Title: Building Costs after Katrina
Post by: John Raabe on September 16, 2005, 02:51:54 PM
Here are two articles of interest to people planning or building a new house or remodel.

Demand for materials and skilled labor is likely to get even tighter in the coming months due to the massive requirements in the gulf coast states.

http://www.buildingonline.com/news/viewnews.pl?id=4455

On the other hand, just such demand may force the authorities to open up the US markets to Canadian and Mexican wood and cement imports. This could soften the demand side and help keep prices from spiking.

http://www.edmontonsun.com/Business/News/2005/09/13/1214621-sun.html

Title: Re: Building Costs after Katrina
Post by: Amanda_931 on September 17, 2005, 01:09:50 PM
Brazilian pine plywood--apparently BK around 40% of the east coast plywood supply.  

A really good argument for building with local materials, whatever is around.
Title: Re: Building Costs after Katrina
Post by: Robert_Flowers on September 18, 2005, 10:26:36 AM
Prices are going up already the Lowe's price for 7/16 OSB went from $9.59 thursday morning to $14.39 thursday afternoon here in middle  georgia. and they are out of it so is homedepot.
Just wait untill  they are done with the clean up an start rebuilding indecember or january down here you will not be able to get any osb or plywood ,and lumber prices will be thru the roof.
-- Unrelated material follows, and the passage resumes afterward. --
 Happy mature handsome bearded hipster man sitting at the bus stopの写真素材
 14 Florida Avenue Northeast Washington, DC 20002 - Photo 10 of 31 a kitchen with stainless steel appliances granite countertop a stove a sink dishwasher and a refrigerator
 FEMA need 9000 sheets of osb a week  an that just for tempory housing.
Title: Re: Building Costs after Katrina
Post by: Jimmy C. on September 18, 2005, 04:53:08 PM
http://www.retailnet.com/story.cfm?ID=24160

Home Depot Holds Pricing
Thursday, September 15, 2005
 
 

Despite the soaring costs of building materials in the wake of Hurricane Katrina, The Home Depot is so far holding prices steady, thanks to its policy of locking in prices for months at a time and of freezing prices that its stores charge following disasters.
Lowe's has raised prices slightly since the hurricane. "But they are still lower than they were last year," said company spokesperson Karen Cobb. Nationwide, builders and consumers are paying from 10% to 50% more for certain types of lumber.

Experts are attributing most of the current price increases to speculation and panic buying.


Title: Re: Building Costs after Katrina
Post by: Lady_Novice on September 18, 2005, 07:44:35 PM
I posted on another thread that my local building supply salesman (northern Idaho) said they could not supply plywood/OSB during the next couple months (i.e., not at any price) and he felt this would be case at other suppliers, too. He said all plywood/OSB was being shipped to the Gulf Coast and that one factor was that a couple of big plywood mills near the Gulf Coast were demolished.

Yet today in the Sunday paper, a circular from Ziggy's, another supplier, shows plywood and OSB available at prices that don't seem too bad. So I don't know what to think.

In the expectation that prices will only get worse once the Gulf rebuilding is seriously underway, I feel more pressure to build quickly and I've got visions of myself shivering in the snow and rain this winter in order to get it built.

Not helping is the fact that my plumber seems to have disappeared. He has to place the sewer pipe before the slab can be poured. But that's a whole different topic, one called "do subcontractors ever return phone calls?"
Lady Novice


Title: Re: Building Costs after Katrina
Post by: Amanda_931 on September 18, 2005, 08:59:24 PM
What hunting season just started?

(when I was calling garages in Arkansas, they all shut down for the first few days of squirrel season, and probably for a week at the beginning of deer season, maybe not turkey.  Imagine plumbers do the same thing.  Remember that there are bow, muzzle loader, and regular hunting seasons.)

One of the big box people said OSB has been going up about a dollar a day retail for them.